In primo luogo continua a correre per portare quei punti alla sua squadra, l'Astana da lui voluta nel 2006, che altrimenti rischierebbe l'uscita dal World Tour. In secondo luogo per allenarsi, correre e disputare un buon Tour de France (senza pretese di classifica naturalmente) in ottica olimpica. È dopo Londra che Vino vuol appendere la bici al chiodo e, conoscendolo, non vorrà uscire in punta di piedi. Infatti lo conosciamo bene, lo ammiriamo dal 1998, era alla Casino (verranno poi Telekom, T-Mobile ed appunto Astana), e sappiamo che il leone kazako, seppur con i suoi anni sul groppone, avrebbe lasciato la zampata.

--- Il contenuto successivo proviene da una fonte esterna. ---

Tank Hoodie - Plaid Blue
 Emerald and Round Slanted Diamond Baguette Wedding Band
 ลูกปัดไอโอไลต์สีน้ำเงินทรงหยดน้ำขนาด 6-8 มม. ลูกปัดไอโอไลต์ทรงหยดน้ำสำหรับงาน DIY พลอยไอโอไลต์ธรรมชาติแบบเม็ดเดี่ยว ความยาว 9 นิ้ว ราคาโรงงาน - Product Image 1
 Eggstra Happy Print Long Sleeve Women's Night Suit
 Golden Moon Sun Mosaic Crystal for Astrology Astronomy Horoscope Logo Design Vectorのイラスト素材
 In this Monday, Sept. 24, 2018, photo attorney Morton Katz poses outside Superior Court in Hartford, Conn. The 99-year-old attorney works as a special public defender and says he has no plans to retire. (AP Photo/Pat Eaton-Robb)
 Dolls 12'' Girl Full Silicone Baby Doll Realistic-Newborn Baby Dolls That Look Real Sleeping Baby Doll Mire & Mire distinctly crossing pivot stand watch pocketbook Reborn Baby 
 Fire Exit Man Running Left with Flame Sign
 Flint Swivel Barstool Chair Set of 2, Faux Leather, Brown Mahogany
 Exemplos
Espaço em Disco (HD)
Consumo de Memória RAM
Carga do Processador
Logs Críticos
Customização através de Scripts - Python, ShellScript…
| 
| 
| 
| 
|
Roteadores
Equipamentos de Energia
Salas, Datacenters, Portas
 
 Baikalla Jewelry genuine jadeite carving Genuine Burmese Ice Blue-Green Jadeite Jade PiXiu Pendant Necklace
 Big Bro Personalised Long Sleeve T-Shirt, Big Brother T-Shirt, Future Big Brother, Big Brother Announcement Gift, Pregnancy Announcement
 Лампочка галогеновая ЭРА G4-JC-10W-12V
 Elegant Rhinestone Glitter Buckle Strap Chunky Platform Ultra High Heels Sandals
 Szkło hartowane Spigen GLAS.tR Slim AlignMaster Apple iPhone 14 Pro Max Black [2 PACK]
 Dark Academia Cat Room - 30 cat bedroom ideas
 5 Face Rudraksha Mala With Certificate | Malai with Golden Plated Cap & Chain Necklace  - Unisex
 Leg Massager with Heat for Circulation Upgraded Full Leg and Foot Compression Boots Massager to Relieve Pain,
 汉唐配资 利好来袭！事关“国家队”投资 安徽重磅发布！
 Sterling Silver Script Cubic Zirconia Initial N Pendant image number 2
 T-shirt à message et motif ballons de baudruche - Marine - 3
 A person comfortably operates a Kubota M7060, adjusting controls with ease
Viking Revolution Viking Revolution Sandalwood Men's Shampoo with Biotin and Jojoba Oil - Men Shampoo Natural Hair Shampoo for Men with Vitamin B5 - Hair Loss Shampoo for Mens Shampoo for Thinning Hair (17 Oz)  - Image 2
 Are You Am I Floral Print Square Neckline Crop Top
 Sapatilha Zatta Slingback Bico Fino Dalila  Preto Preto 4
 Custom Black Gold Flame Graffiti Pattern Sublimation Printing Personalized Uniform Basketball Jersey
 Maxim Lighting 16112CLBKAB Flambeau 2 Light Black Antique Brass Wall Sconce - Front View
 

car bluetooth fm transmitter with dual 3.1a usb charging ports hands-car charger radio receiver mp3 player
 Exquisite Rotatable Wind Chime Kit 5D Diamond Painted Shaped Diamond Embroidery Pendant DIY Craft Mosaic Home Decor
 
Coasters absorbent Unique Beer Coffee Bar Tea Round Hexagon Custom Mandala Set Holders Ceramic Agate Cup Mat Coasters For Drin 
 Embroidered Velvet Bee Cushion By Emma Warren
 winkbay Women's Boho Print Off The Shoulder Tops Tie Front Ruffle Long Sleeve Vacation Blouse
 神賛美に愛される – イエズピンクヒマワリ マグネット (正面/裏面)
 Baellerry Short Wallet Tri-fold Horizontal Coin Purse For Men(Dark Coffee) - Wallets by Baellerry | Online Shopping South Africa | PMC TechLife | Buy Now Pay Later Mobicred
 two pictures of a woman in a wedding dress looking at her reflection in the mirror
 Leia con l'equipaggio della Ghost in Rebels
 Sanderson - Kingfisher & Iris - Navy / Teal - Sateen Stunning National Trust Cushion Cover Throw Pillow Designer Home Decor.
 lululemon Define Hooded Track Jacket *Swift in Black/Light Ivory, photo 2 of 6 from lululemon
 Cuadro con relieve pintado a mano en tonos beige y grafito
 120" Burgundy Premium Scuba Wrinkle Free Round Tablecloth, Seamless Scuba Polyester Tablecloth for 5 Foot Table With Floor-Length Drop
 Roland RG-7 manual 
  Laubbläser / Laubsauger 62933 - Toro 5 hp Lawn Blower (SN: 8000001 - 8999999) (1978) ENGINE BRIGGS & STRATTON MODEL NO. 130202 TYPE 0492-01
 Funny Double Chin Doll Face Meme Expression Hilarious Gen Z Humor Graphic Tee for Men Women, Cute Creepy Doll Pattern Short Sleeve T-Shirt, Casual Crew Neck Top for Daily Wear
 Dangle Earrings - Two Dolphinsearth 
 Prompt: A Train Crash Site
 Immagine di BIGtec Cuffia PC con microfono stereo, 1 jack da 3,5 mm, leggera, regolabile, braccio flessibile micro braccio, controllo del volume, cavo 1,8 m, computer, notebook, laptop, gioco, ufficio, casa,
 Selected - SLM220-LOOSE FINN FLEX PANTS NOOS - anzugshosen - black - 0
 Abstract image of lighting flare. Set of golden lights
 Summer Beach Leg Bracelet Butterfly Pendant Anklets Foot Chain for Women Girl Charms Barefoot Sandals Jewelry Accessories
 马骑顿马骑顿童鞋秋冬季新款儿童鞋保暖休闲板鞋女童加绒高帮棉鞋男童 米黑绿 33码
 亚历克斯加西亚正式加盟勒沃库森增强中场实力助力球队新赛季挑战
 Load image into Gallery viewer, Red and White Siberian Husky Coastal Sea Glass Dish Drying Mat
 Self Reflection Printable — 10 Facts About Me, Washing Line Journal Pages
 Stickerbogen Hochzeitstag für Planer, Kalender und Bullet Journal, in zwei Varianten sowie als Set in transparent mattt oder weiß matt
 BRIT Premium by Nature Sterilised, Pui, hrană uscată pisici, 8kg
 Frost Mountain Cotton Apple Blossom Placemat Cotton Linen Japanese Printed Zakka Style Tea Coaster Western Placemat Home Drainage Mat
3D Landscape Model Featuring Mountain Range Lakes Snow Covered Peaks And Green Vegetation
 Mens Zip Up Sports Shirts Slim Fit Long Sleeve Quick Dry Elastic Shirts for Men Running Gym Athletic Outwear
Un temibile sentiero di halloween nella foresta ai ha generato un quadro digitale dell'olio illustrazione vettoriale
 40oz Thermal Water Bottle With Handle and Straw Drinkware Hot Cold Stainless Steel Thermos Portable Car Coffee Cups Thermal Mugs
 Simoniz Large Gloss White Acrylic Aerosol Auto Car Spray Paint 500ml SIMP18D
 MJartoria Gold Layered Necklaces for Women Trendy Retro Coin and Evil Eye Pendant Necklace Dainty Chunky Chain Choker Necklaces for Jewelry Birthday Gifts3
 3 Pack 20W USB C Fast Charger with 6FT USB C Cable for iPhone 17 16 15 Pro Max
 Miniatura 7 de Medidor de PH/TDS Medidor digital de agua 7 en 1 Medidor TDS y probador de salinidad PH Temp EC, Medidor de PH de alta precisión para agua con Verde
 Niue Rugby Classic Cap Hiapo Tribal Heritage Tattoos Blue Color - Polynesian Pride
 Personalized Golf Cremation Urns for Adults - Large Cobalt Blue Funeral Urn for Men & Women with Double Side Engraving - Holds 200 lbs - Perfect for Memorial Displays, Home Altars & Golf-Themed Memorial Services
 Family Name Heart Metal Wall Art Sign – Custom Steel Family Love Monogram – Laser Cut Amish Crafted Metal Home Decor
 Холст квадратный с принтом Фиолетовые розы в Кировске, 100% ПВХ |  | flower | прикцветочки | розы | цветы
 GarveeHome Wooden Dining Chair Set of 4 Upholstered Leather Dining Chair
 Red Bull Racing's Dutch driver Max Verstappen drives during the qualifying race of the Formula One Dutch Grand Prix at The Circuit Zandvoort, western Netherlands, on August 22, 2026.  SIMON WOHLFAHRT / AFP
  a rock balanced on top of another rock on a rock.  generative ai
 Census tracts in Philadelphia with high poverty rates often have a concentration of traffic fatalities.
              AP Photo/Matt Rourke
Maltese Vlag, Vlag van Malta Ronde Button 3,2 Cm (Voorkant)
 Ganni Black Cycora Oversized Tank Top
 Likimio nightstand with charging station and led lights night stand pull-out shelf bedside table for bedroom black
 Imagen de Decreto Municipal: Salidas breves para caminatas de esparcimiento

Già durante il Tour ci aveva strappato più d'un sorriso quando l'avevamo visto in fuga nelle fasi finali della Grande Boucle. A Le Cap d'Agde aveva provato ad anticipare la volata con Albasini e venne recuperato dal gruppo soltanto negli ultimi metri di gara. A Bagnères-de-Luchon restò in fuga tutta la giornata, in una frazione che presentava Aubisque, Tourmalet, Aspin e Peyresourde. L'avevamo rivisti, quegli occhi da tigre, ed anche se non avremmo scommesso troppo su una vittoria all'Olimpiade certo non ci si poteva aspettare un'uscita anonima da parte di Vino. Il canovaccio che ci si era prefigurato nella testa una settimana fa s'è realizzato oggi, con qualche modifica ma con il botto proveniente da Londra e diretto al Kazakistan, di lì in tutto il Mondo.

E dire che Vino, nativo di Petropavlovsk e pedalatore dall'età di 11 anni (ha corso anche nel ciclocross), il brivido a cinque cerchi l'aveva già provato nel 2000, a Sidney. Vino, 27enne, si trova in fuga con due tedeschi, Jan Ullrich ed Andreas Klöden; saranno rispettivamente oro e bronzo ma Vino, che come loro milita nella Telekom, collabora affinché la fuga vada in porto. L'argento olimpico lo proietta nella storia, è una leggenda dello sport nel suo Paese, ma ancora non gli basta.

La vittoria dell'Amstel Gold Race nel 2003, il sesto posto alle spalle di Bettini alle Olimpiadi di Atene 2004, la Liegi nel 2005 (la rivincerà nel 2010), la vittoria al Tour, sui Campi Elisi, sempre del 2005, anticipando di forza ed ancora di fantasia i velocisti, uscendo da ogni schema. Ancora, la Vuelta a España dominata nel 2006, le Parigi-Nizza.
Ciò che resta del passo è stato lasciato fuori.